Одной из разновидностей общественной благотворительности в Кубанской области являлся денежный сбор посредством обноса ктитором среди прихожан специальных церковных кружек. На «крайнюю неудовлетворительность сих сборов» указывалось, в частности, в определении Войскового начальства от 1863 г. с предписанием начальникам отделов «обратить особенное внимание» на сбор этих денежных средств. С 1876 г. деньги, собранные посредством церковных кружек, переходили в распоряжение Кубанского областного правления и были направлены на оказание помощи неимущим, не принадлежащим войсковому сословию. А с выходом Положения об общественном управлении станиц казачьих войск, Высочайше утвержденного 3 июля 1891 г., призрение неимущих членов простого казачьего сословия возлагалось полностью на станичные общества.

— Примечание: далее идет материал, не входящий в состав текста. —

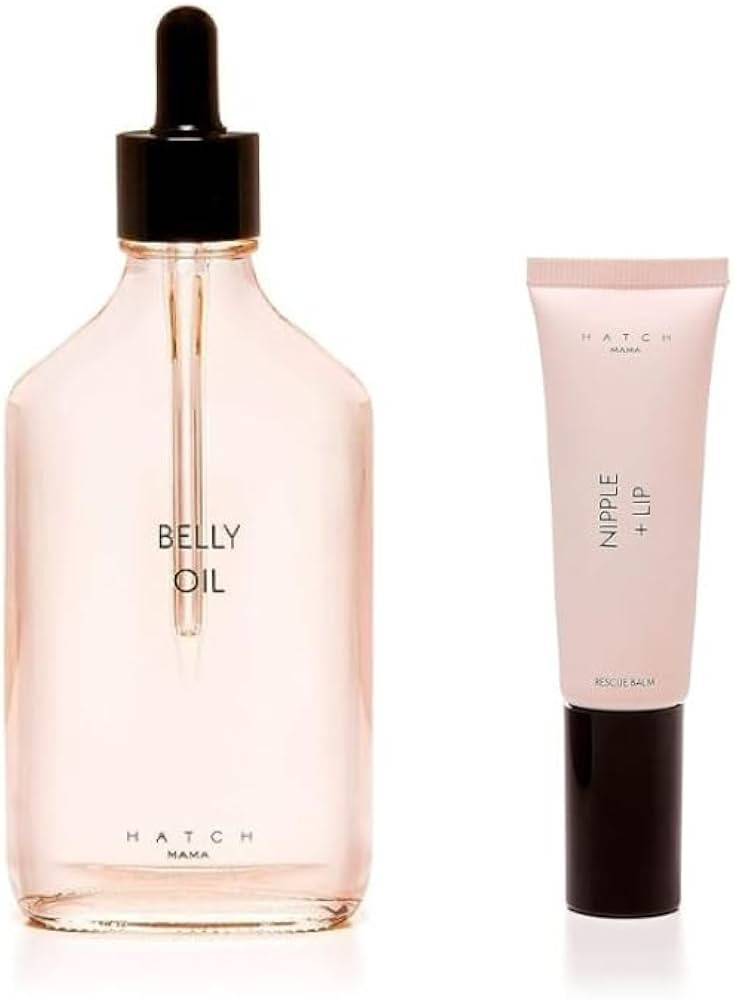 HATCH Belly Oil and Lip Balm Set | Our Vegan and Plant Based Quick-Drying Belly Oil and Nipple + ... | Amazon (US)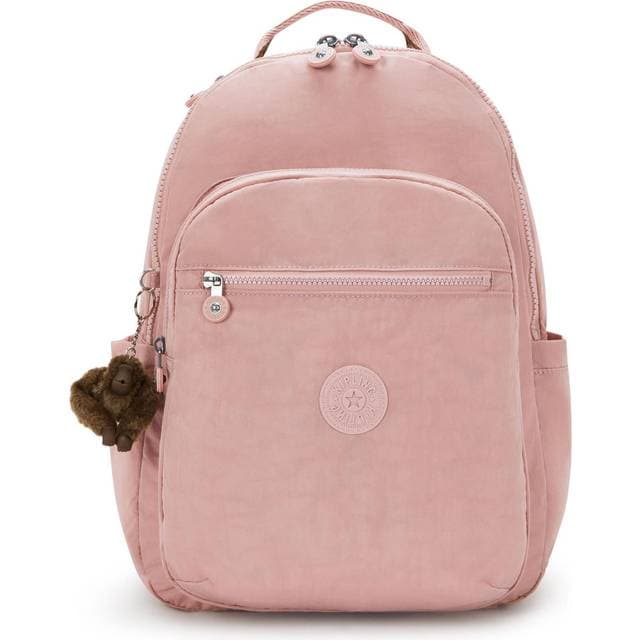 Kipling Basic Seoul Daypack Laptop Compartment Pink
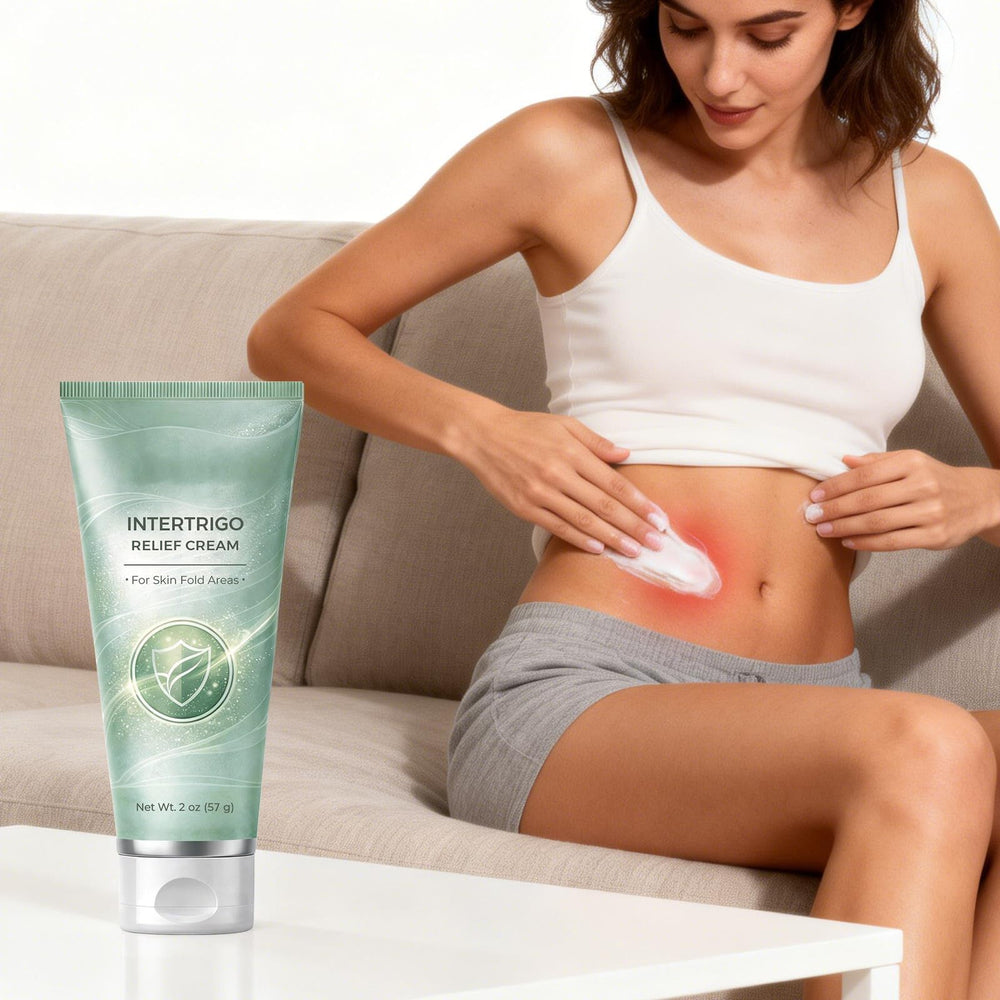 Presentación de dos unidades para crema de intertrigo, fácil de guardar.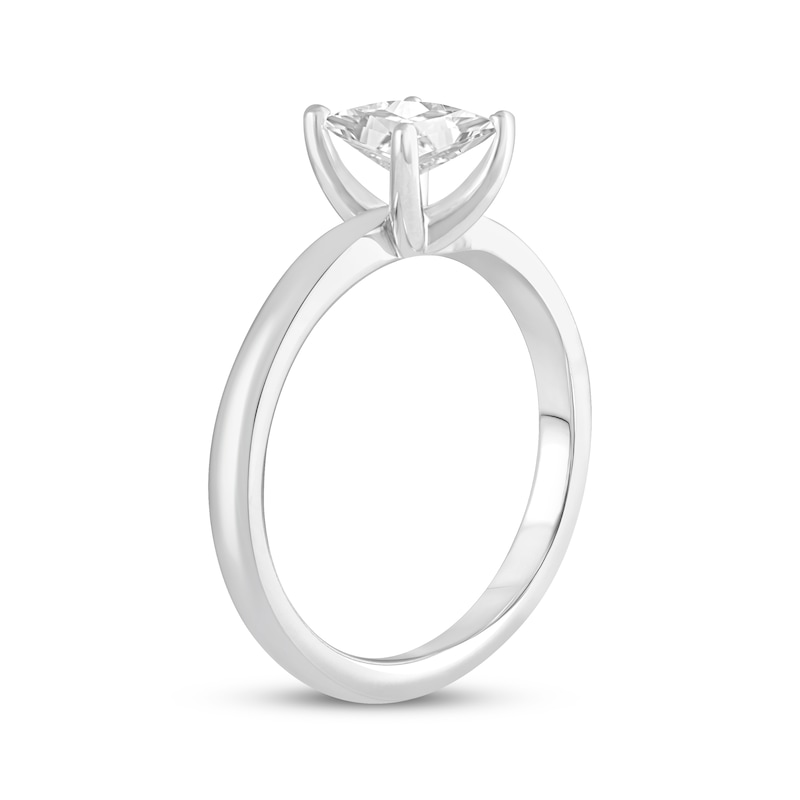 Main Image 2 of Lab-Created Diamonds by KAY Princess-Cut Solitaire Engagement Ring 3/4 ct tw 14K White Gold (F/VS2)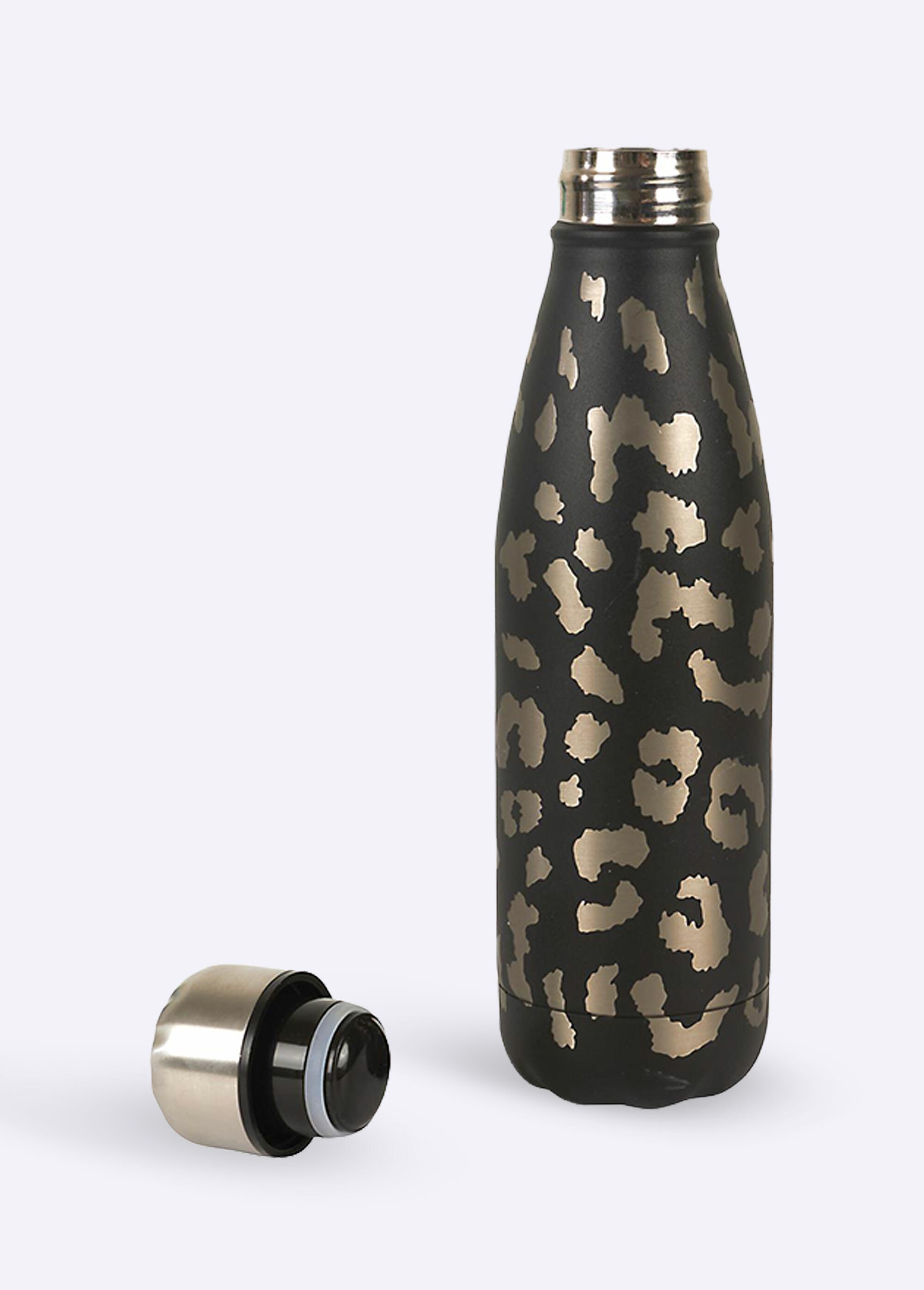 Gourde isotherme inox décor léopard Noir CMP-KA0811 DE1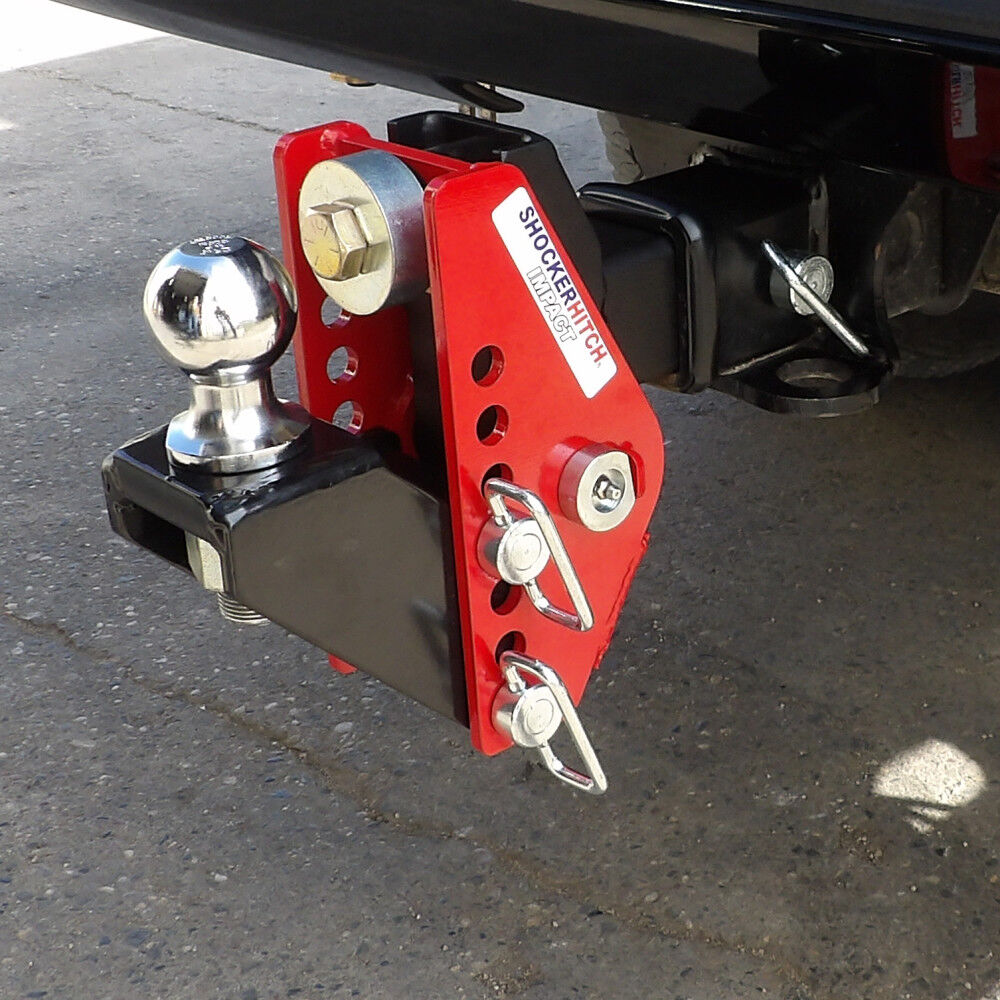 Impact 12K 2 Inch Cushion Hitch & Raised Ball Mount 2 Inch Hitch Ball SH-100-310-2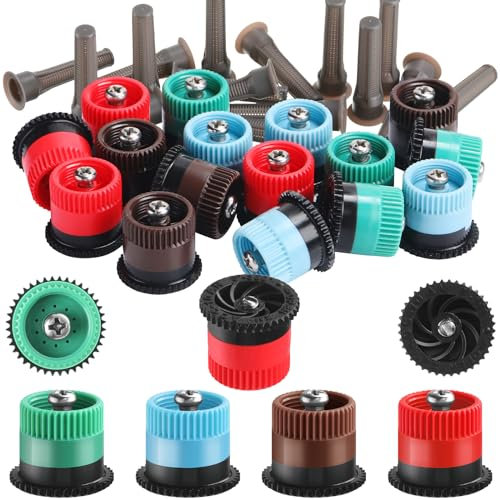 Honoson 16 Pcs Variable Arc Nozzle Radius High Efficiency Replacement Pop up Sprinkler Heads Compatible with RainBird, Hunter, Orbit Pop-up Sprinklers (4/6/8/10 Van)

Наиболее распространенным видом общественной помощи вдовам были обработка ее земли и уборка урожая. По воспоминаниям старейших станичников деятельное участие в оказании подобной помощи принимал станичный атаман: «Она идёт до атамана и просит помочи. А вон знает атаман — кто как живёт. Вот мне можно пойтить помогнуть — иди помоги. Обязательно атаман приказывал». В 1919 г. в разгар Гражданской войны атаманом Таманского отдела был издан указ о принудительной первоочередной помощи семьям фронтовиков, вдовам и сиротам в уборке хлеба. Уклоняющихся от этой обязанности станичников наказывали денежными штрафами. Иногда зерно выдавалось вдовам и сиротам из общественного фонда.
Нормы христианской морали, являвшиеся основой соционормативных отношений в казачьем обществе, предопределили трепетное отношение ко всем несчастным и нуждающимся в посторонней помощи. Оказание повседневной помощи одиноким и престарелым вдовам являлось повсеместной нормой для казаков. Наиболее близкими людьми оказывались соседи. Помощь эта выражалась, помимо хозяйственного участия (обработка земли, заготовка дров и т. д.), и в виде предоставления продуктов питания. Широкое распространение среди казаков получила традиция тайной милостыни, т. е. оказание негласной помощи: «Ещё мне мама рассказывала. Были там семьи — кто вдовушка, много детей остается — подвозили дрова, чтоб она и не видела, и не знала. Она вышла, а там дрова или сено лежить».